Start of Material supplied
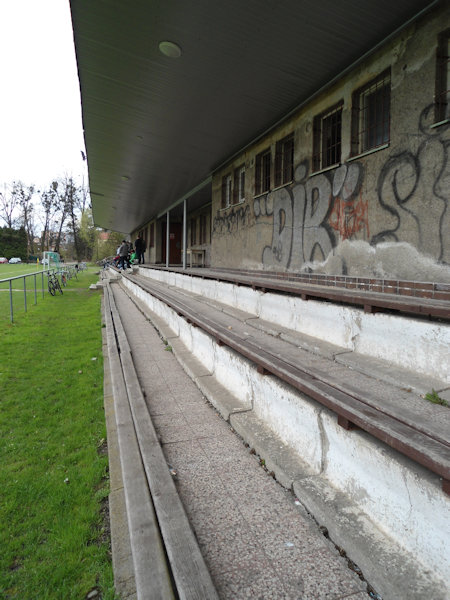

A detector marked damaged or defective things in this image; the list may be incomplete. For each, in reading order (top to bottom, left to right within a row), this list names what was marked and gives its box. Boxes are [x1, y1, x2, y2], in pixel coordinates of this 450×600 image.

rusty metal rail [122, 270, 450, 492]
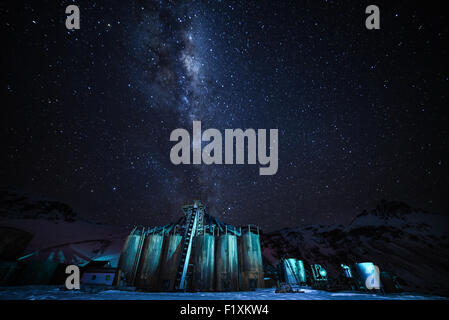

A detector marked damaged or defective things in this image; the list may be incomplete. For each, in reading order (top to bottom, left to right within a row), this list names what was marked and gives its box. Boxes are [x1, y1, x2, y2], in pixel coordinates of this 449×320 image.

rusty silo [113, 226, 144, 286]
rusty silo [136, 232, 166, 290]
rusty silo [158, 230, 182, 290]
rusty silo [192, 228, 214, 292]
rusty silo [214, 228, 238, 292]
rusty silo [236, 225, 264, 290]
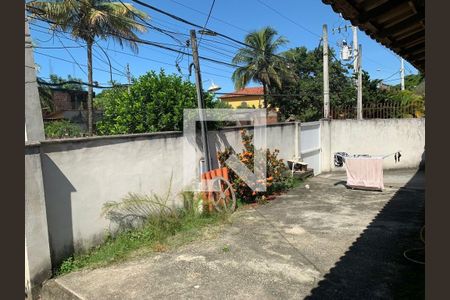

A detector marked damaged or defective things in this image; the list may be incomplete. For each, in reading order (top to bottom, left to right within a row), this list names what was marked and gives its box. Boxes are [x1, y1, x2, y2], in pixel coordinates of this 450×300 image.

cracked concrete floor [40, 169, 424, 300]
End of Material supplied
Give back exactly the lines running from the line containing "this 450×300 image." through the end of the material above, both included, and nothing beyond them.

■ Exercise result
A detector marked damaged or defective things in this image; the list may be incomplete. For each, in reading order (top to bottom, left to right within a row), this list names what was marked and gives its box. Boxes are [x1, y1, x2, y2], in pixel coordinates of this 450×300 image.

cracked concrete floor [40, 169, 424, 300]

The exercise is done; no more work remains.